Recorded data:

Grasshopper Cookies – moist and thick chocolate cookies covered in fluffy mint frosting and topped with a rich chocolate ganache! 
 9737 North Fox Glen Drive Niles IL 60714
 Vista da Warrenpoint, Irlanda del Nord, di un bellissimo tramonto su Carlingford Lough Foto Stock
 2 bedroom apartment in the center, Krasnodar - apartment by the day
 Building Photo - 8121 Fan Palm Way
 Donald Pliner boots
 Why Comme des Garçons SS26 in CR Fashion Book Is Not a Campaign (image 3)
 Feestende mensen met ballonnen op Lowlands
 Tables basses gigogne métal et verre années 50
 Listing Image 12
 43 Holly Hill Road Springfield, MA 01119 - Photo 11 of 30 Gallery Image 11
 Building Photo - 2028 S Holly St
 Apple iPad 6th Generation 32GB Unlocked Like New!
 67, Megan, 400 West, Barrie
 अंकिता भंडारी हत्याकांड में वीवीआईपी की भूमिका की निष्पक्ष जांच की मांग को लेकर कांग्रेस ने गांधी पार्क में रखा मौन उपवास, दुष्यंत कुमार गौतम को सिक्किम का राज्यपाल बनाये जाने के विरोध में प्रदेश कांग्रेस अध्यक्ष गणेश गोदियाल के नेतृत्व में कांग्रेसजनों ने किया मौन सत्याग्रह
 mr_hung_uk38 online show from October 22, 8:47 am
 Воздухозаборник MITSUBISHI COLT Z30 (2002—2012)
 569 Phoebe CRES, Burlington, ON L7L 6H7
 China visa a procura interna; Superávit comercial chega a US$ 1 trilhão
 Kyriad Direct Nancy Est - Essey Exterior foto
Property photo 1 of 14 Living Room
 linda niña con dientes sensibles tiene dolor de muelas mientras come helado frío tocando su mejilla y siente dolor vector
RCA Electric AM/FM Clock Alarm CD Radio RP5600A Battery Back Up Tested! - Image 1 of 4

» **Required work**:
Could each line above be retyped exactly?

» **Task solution**:
Grasshopper Cookies – moist and thick chocolate cookies covered in fluffy mint frosting and topped with a rich chocolate ganache! 
 9737 North Fox Glen Drive Niles IL 60714
 Vista da Warrenpoint, Irlanda del Nord, di un bellissimo tramonto su Carlingford Lough Foto Stock
 2 bedroom apartment in the center, Krasnodar - apartment by the day
 Building Photo - 8121 Fan Palm Way
 Donald Pliner boots
 Why Comme des Garçons SS26 in CR Fashion Book Is Not a Campaign (image 3)
 Feestende mensen met ballonnen op Lowlands
 Tables basses gigogne métal et verre années 50
 Listing Image 12
 43 Holly Hill Road Springfield, MA 01119 - Photo 11 of 30 Gallery Image 11
 Building Photo - 2028 S Holly St
 Apple iPad 6th Generation 32GB Unlocked Like New!
 67, Megan, 400 West, Barrie
 अंकिता भंडारी हत्याकांड में वीवीआईपी की भूमिका की निष्पक्ष जांच की मांग को लेकर कांग्रेस ने गांधी पार्क में रखा मौन उपवास, दुष्यंत कुमार गौतम को सिक्किम का राज्यपाल बनाये जाने के विरोध में प्रदेश कांग्रेस अध्यक्ष गणेश गोदियाल के नेतृत्व में कांग्रेसजनों ने किया मौन सत्याग्रह
 mr_hung_uk38 online show from October 22, 8:47 am
 Воздухозаборник MITSUBISHI COLT Z30 (2002—2012)
 569 Phoebe CRES, Burlington, ON L7L 6H7
 China visa a procura interna; Superávit comercial chega a US$ 1 trilhão
 Kyriad Direct Nancy Est - Essey Exterior foto
Property photo 1 of 14 Living Room
 linda niña con dientes sensibles tiene dolor de muelas mientras come helado frío tocando su mejilla y siente dolor vector
RCA Electric AM/FM Clock Alarm CD Radio RP5600A Battery Back Up Tested! - Image 1 of 4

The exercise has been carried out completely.